第254話 吸血姫は眷属達を想う。
神器の更新を済ませた私は下界へと戻った。
私が戻って直ぐに船長室を訪れたナギサが、
「魔力密度が急速に上昇しました!」
「そ、それは大変ね。何が原因か分かる?」
「それは何とも、調査してみない事には」
「そう、一先ずは継続監視を続けて」
「了解しました」
慌てて報告してきて少し可哀想だった。
仮にここで、事の経緯を語ると要らぬ誤解を招きそうなので、今回は演技した私だった。
それは⦅ナギサ臭が強大になる⦆誤解だ。
私はあくまで管理神器を創ったうえで更新した側であって管理する側ではないのだから。
お母様と同じ事が出来ると言ってもね。
ナギサはそのまま船橋へと戻り、背後から付いてきていたマキナだけが、この場に残った。
「急上昇に関与してきたとは言えないもんね」
一緒に訪れていたマキナだけは事情を知っていたから苦しそうに笑いを堪えていたけどね。
「そうね。で、それ以外で変化は無かった?」
「これといって変化は無かったよ。強いて言えば意図せず界渡りした感覚があったくらい?」
「ああ、時が止まった瞬間と動いた瞬間の違和感を感じ取ったのね。一応でも惑星が入れ替わったようなものだから。あれも機能面で変化したくらいだけど」
「そうなんだ。感じ取ったのはシオンお母様も同じだってさ」
「まぁ、あんなのでも時空神の娘だものね」
「辛辣だね?」
シオンが聞けばツッコミを入れること間違いないだろう。それでも昔は悶えていたけどね。

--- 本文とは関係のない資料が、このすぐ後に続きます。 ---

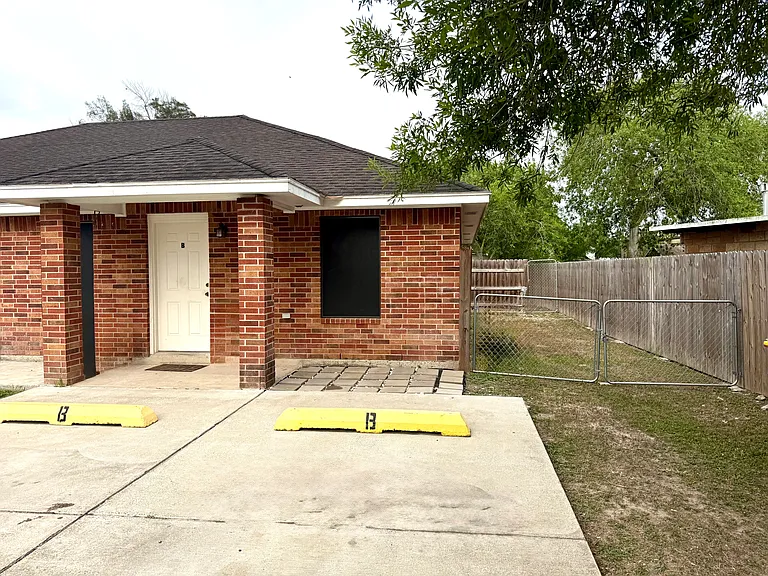 2314 La Feria Rd #B — Photo 10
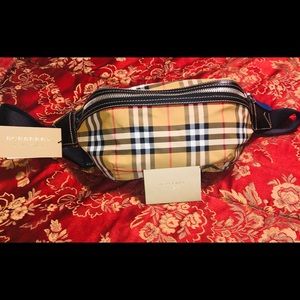 Burberry Medium Vintage Check Bum Bag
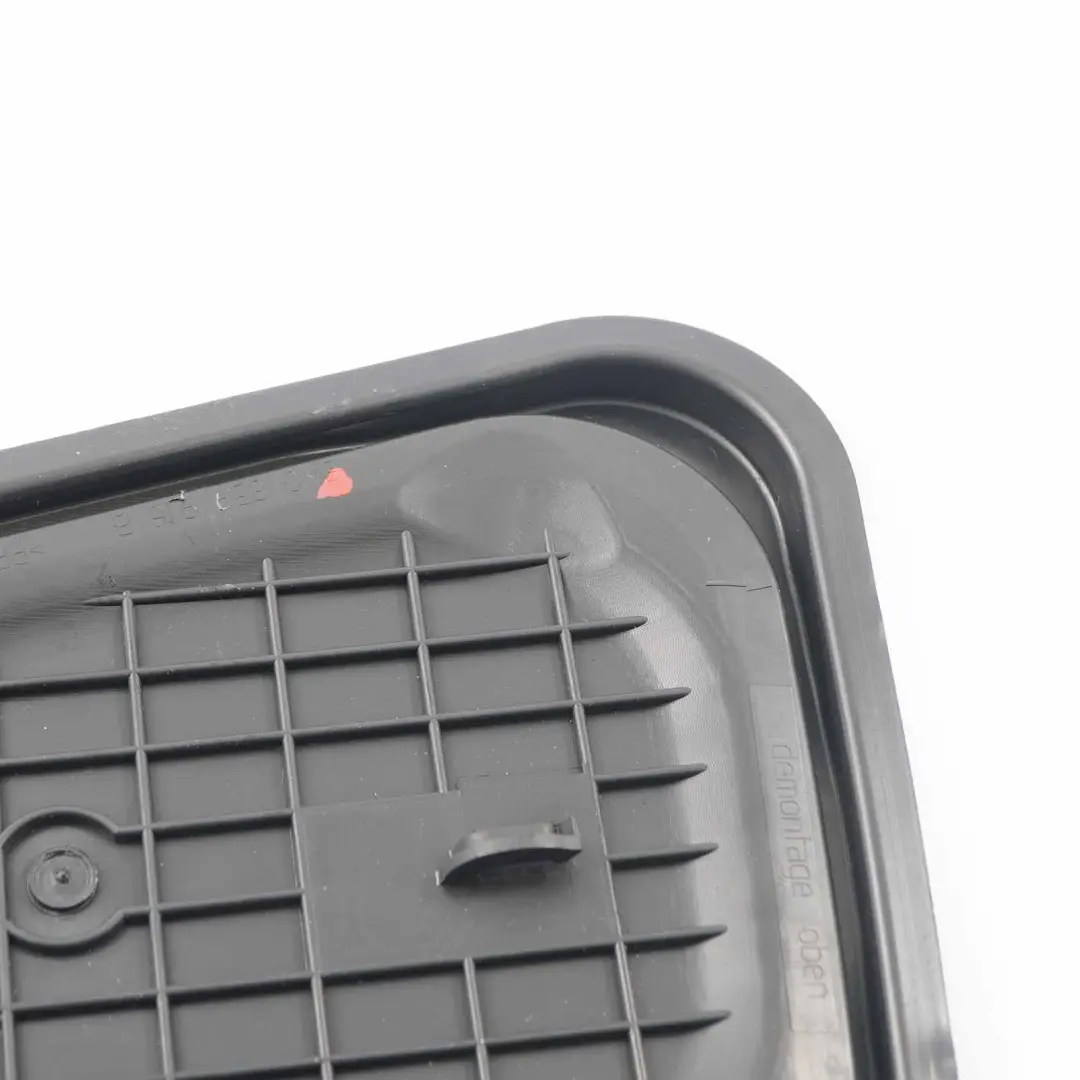 Audi A4 B8 Porta Blocco Serratura Pannello Piastra Posteriore Destra - SKU 8K0839916B - Numero di parte 8K0839916B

「私だけは変わらないもの。それよりも、ベッドに座ってもらえる?」
「うん、分かった」
私は座ったマキナの身体に触れ、
「異常はないわね」
「有ったら困るよ」
身体の内外を精密検査した。
他の眷属達は経路を使って調べられるので今回は後回しとしたが、マキナだけは別だから。
一応、シオンにも後ほど行うけどね。
「まぁ私も経験があるからね。今回は私が実行した側に立ったけど」
そして懐かしみながら過去を語った。
「お母様も経験があるの?」
「お父様の世界で喰らったからね」
「お、お父様の世界?」
「この世界とは違う並行世界の惑星が物理的に破壊された経験ね。あれは忘れもしないわ。最終的に神界へと戻ってきて、お母様の世界に移って時間遡行したけどね」
それは⦅居たのぉ!⦆三女達が絡んできたが分裂前に、とある並行世界に居た事があるの。
詳細を語ると長くなるから、語らないけど。
そのような過去の経験から少しだけ不安が残っているのは確かだった。私の時も空間的な違和感はあっても身体に異常は無かったけれど。
「そ、その世界って?」
「私の予測が確かなら、あの子達が普段過ごしている世界ではないかしら? ギクッて反応しているから間違いないみたいだけどね」
いつか⦅御案内します⦆その時はお願いね。
「はわぁ。こちらの世界を管理して、管理された別世界で過ごすって、壮大だねぇ?」
「私達も直前まで同じような世界に居たけどね。管理する神が違うだけだから」
「あ、そういえば、そうだった!」
将来的には私もマキナも余所の世界を創る事になるかもしれないわね。この世界はあくまでも、あの子達が管理する世界だから。それがいつになるのか、今はまだ分からないけれど。
シオンだけは死神として残るでしょうけど。
ともあれ、マキナの異常が無い事を把握した私はマキナと船長室を出て食料庫へと向かう。
「そうそう。マキナにも、お土産があったわ」
「お土産?」
「自然解凍式の小籠包と肉まんなんだけど」
「はへぇ?」
「あとは駄菓子やらチョコレート菓子が沢山」
「い、一体、どうしたの? それ」
「ユランスのお土産ね。姪っ子にどうぞって」
「ああ、叔母さんからのお土産って事ね」
「これらは問屋経由の品々らしいから」
「だから箱買いが殆どと・・・」
ユランスから受け取った品々を分類ごとに棚へと並べていく。既存の菓子が箱ごと置かれているから食料庫に来た者は驚くでしょうけど。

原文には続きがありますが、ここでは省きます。